#### WORK ORDER
Transcribe the entire listing faithfully; every line must match the original.

DATASET EXTRACT Start Marker

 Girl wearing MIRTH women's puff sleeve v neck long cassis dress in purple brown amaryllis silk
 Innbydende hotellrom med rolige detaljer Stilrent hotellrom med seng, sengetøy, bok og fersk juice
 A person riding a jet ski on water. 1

DATASET EXTRACT End Marker

#### RESULT BELOW
 Girl wearing MIRTH women's puff sleeve v neck long cassis dress in purple brown amaryllis silk
 Innbydende hotellrom med rolige detaljer Stilrent hotellrom med seng, sengetøy, bok og fersk juice
 A person riding a jet ski on water. 1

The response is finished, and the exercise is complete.